Over the course of seven years, I researched thousands of women, diving into newspaper articles, police websites, web forums, and more. In the end, I wrote fifty poems for the collection, imagining it as a place to document, mourn, and call attention to what happens when women go missing in this country.
In 2016, Doe was selected by poet Allison Joseph for the Akron Poetry Prize and was published by University of Akron Press in 2018. In 2020, documentary filmmakers Jason Greer and Vanessa Cicarelli (Birdy & Bean Films) began work on a documentary about Doe.
Winner of the Akron Poetry Prize
“My choice for the award is Doe—that book is so good, so well executed with such difficult subject matter. I admire its active courage, its commitment to witnessing what so many reject. It stayed with me through reading all the others—fantastic books, the lot of them. But Doe is a game changer, a silence eliminator.” - Allison Joseph on the selection of Doe for Akron Prize
Winner of the Eugene Paul Nassar Poetry Prize
"My choice for the 2018 Eugene Paul Nassar Poetry Prize is Aimée Baker’s Doe, published by The University of Akron Press. A terrible beauty is born in this book-length elegy for female victims of kidnapping, rape, torture, and murder; the presumed dead, the disappeared, and the unidentified. These last, for whom the book is named, remind us of women’s universal vulnerability as the hunted gender. In language both violent and tender, the book exhumes the cases of women from across the continent and the century, bearing witness to their spirits, prayers, and passions. Doe is a suite of gorgeously orchestrated poems that remind us not to turn away from the news. Instead, it commands us to resist injustice with the compassion that only art can bring to life. I wholly admire this haunting, stunning, and necessary book, and I endorse it with no reservations." - Naomi Guttman on the selection of Doe for the Eugene Paul Nassar Poetry Prize
"Review of Doe" by W. Todd Kaneko in Waxwing
"But then the horrific world of Doe is one in which women are in constantly peril of losing their lives, their bodies, their whole selves. Baker’s poems are not cautionary tales or grisly reenactments, but they do remind us that the awful world these women lived in is the same one we live in. They introduce us to those who are gone from the world and ask us to observe their absence, to ask where they are now." For the complete review, click here.

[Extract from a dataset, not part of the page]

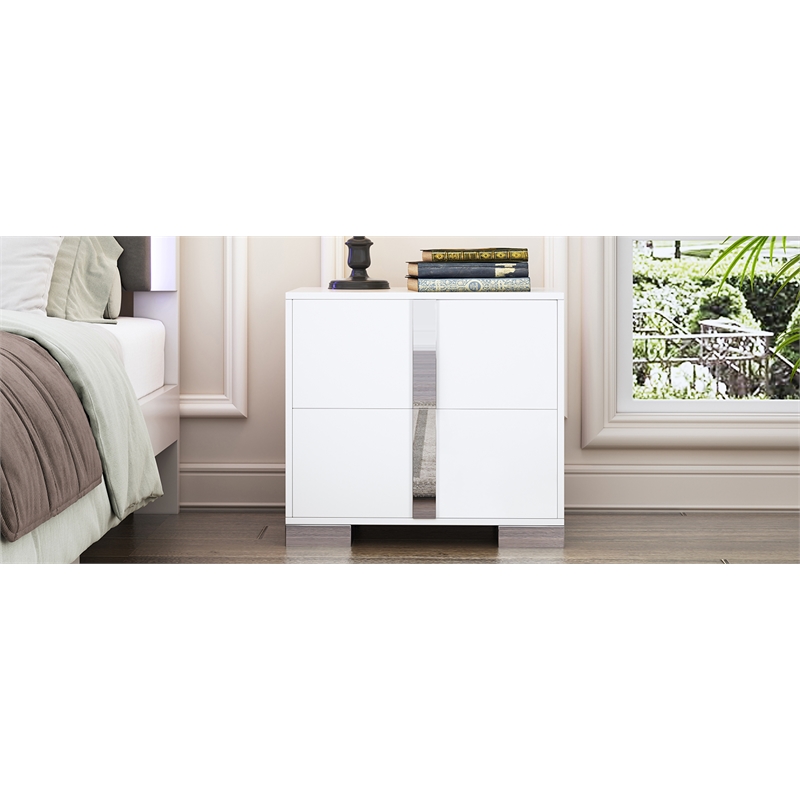White Solid Wood 2-Drawer Nightstand with Mirrored Finish and Metal Feet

"The Murderino in Me: Reading Aimée Baker's Doe" by Ruth Williams in The Bind
"In Doe, Baker attempts to reverse this Dead Girlification of missing and murdered women by reanimating their last moments in order to reorient the camera angle, focusing less on acts of violence and the men who enact them, and more on the women themselves. And yet, even as the poems individuate these women, ceding back to them something other than mere victimhood, the accrual of their bodies across the collection destabilizes their singularity, suggesting the terrible “pattern,” as Bolin calls it, of violence against women."For the complete review, click here.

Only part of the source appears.